I only run the old Cummins 12V's so I cant help you with the newer stuff. The 12V will take pretty much anything you throw at it. Motor oil, hydraulic, ATF, cooking oil mixes
The newer stuff, as you said is more finicky and....expensive if something goes wrong. Also mechanical vs electric, injection, fuel supply etc is a factor..
Check out this guy, Canadian who does a lot of work with Black Diesel, wealth of info.
https://www.youtube.com/watch?v=qlwc63VmIIs&t=523sAt the very least I would filter everything very very well, even in the tractor, thats just cheap insurance. Doesnt have to be fancy, just run it through a filter with a small pump or gravity drain.
Personally, I dont think I would run homemade in a newer truck unless I had a legit setup. The legit setup would be an "investment" to get a quality product, and then you would have to do the math on the return on that investment based off the savings and how many miles you would be driving to determine if its even worth it. If you were a Hotshot, and had reserve tanks in the bed and drove constantly, no brainer..but if you arent saving SIGNIFICANT money every month by running waste oil, personally I dont think its worth the hassle/risk.
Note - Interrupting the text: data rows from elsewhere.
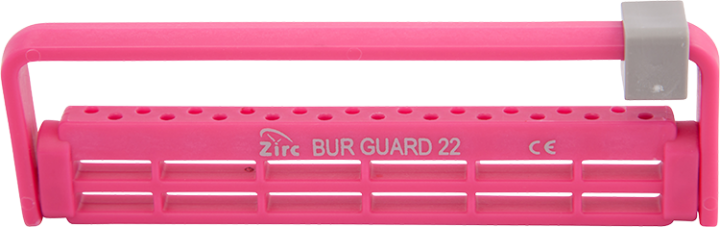 Steri-Bur Guard Plastic Bur Block, 22-Hole, Neon Pink, 1/Pk, 50Z410S thumbnail 3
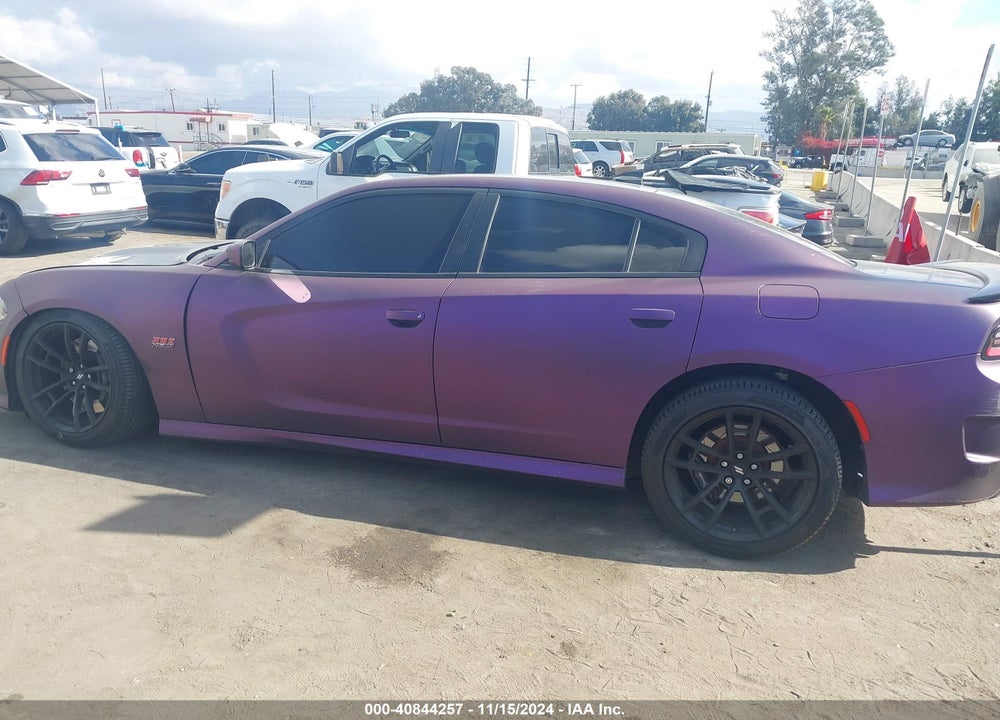 2020 DODGE CHARGER SCAT PACK RWD VIN: 2C3CDXGJ6LH228078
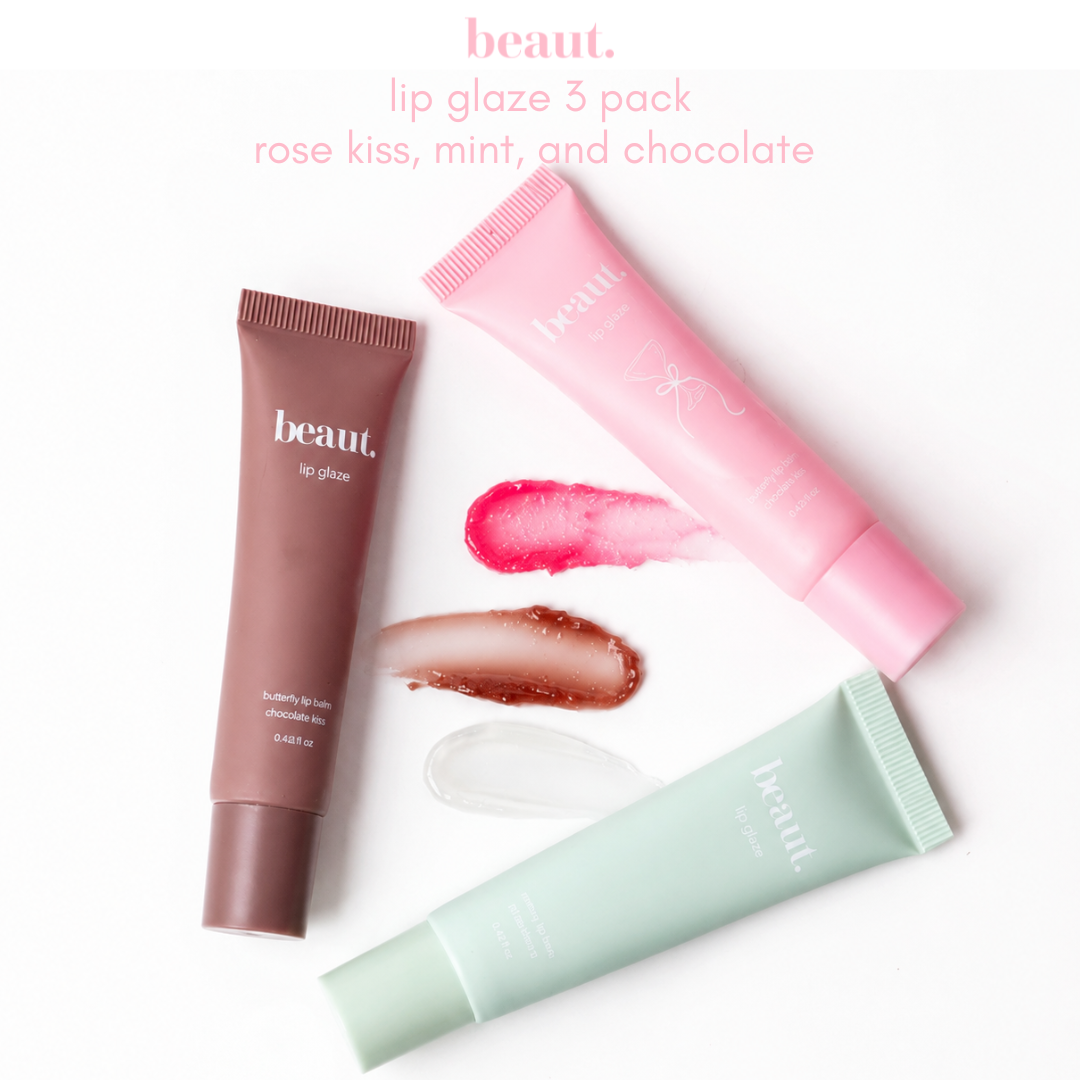 beaut lip glaze trio by beaut. (Ships in 2-3 Weeks)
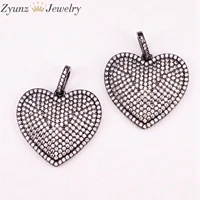 Black Pendant 5 прядей ZYZ300-4015 полный инкрустированный цирконами в форме сердца винтажные ожерелья с подвеской аксессуары женские ювелирные изделия подарок - Окраска металла: Black Pendant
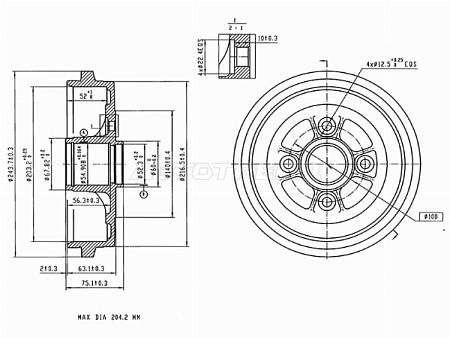 Барабан тормозной зад NISSAN NOTE E12 13-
For instance if you putter around town, to work and back or something and put on 1k miles/mo or 2k even...and the difference in the cost savings is a hundred bucks or so, to me not worth the risk. If you are able to save hundreds-grand or something then I would get more serious about it, but most people dont put on serious miles. You also need space for the equipment, storage of finished product and raw product waiting to be finished etc. Its a serious commitment to do it right. Every time Diesel gets around $5 or more everyone wants to get into homebrew and then they figure out its work and go back to the pump.
Older mechanical stuff no problem, just again, FILTER it well, as one engine issue will erase all savings and then some...and its cheap, no reason not to. Newer stuff, IMO do it right and go all the way or dont bother, and if you do it right it can be expensive and you only save if putting on serious miles every year.